The straight-line distance is calculated from each nonsource cell center to the center of each source cell. Each nonsource cell is assigned the shortest distance to a source.

Conceptually, the algorithm works as follows: for each nonsource cell, the distance to each source cell is determined by calculating the hypotenuse with x_max and y_max as the other two legs of the triangle. This calculation derives the true straight-line Euclidean distance rather than determining the network distance along a sequence of edges constructed between adjacent cells. Once the shortest distance to a source is determined, if it is less than the specified maximum distance, that value is assigned to the cell location on the output raster. If a maximum distance is specified, any nonsource cell that is farther than that distance will receive NoData.

Straight-line distance between a source cell and a nonsource cell

The output values for the distance raster are floating-point values. If a cell is at an equal distance from two or more sources, the cell is assigned to the source that is first encountered in the scanning process.

The above description is a conceptual depiction of how values are derived. The actual algorithm computes the information using a two-scan sequential process. The processing time depends on the total number of cells in the analysis window, not the number of source cells or how the source cells are arranged.

Straight-line distance output

Multiple output rasters can be created from the Distance Accumulation tool. When calculating straight-line distance, the meaning of the resulting output values are described below.

Distance accumulation output raster

The straight-line distance accumulation output raster records the measured distance from every nonsource cell to the closest source. The units of the distance values recorded are the linear units, such as feet or meters based on the output spatial reference.

Back-direction output raster

This raster identifies the travel direction out of a cell, en route to its nearest source cell along the shortest path. If a barrier has been specified, this direction may not be the same as the straight-line direction to that cell.

The back-direction raster provides per-cell travel directions. The range of values is from 0 degrees to 360 degrees, with 0 reserved for the source cells. Due east, to the right, is 90, and the values increase clockwise, so that 180 is south, 270 is west, and 360 is north.

An important use of the back-direction raster is determining the shortest path between two locations. The distance accumulation and back-direction rasters are required inputs to the Optimal Path as Line and Optimal Path as Raster tools.

Source direction output raster

The source direction raster identifies the direction of the nearest source cell as an azimuth in degrees.

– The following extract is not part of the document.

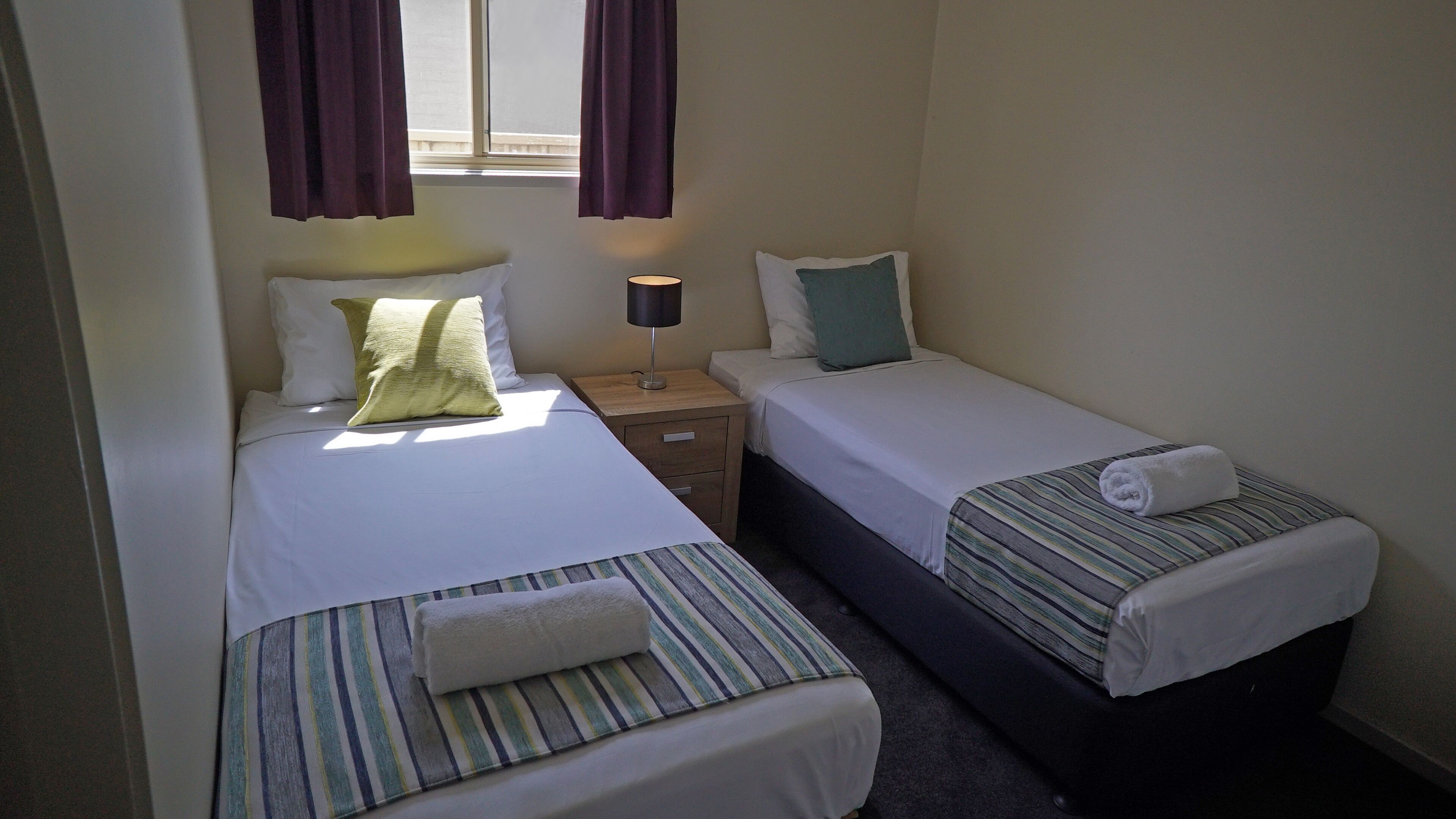 A hotel room with two single beds, a nightstand with a lamp, and a window with curtains.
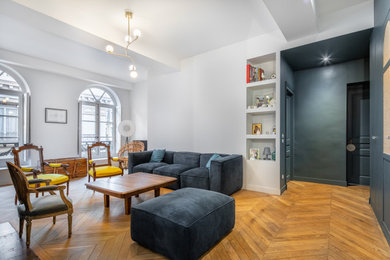 Diseño de salón abierto tradicional renovado de tamaño medio con paredes azules y suelo de madera clara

It uses the same angle convention as the back-direction raster but integer values are assigned instead of floating point. Other than the output type, if no barriers are identified, the source direction and back-direction rasters produce the same results.

Distance allocation and straight-line distance

A related tool to the Distance Accumulation tool is the Distance Allocation tool. All the parameters and the outputs are the same, except that the Distance Allocation tool also outputs an allocation raster. For each cell, this raster indicates the closest source for that cell to reach.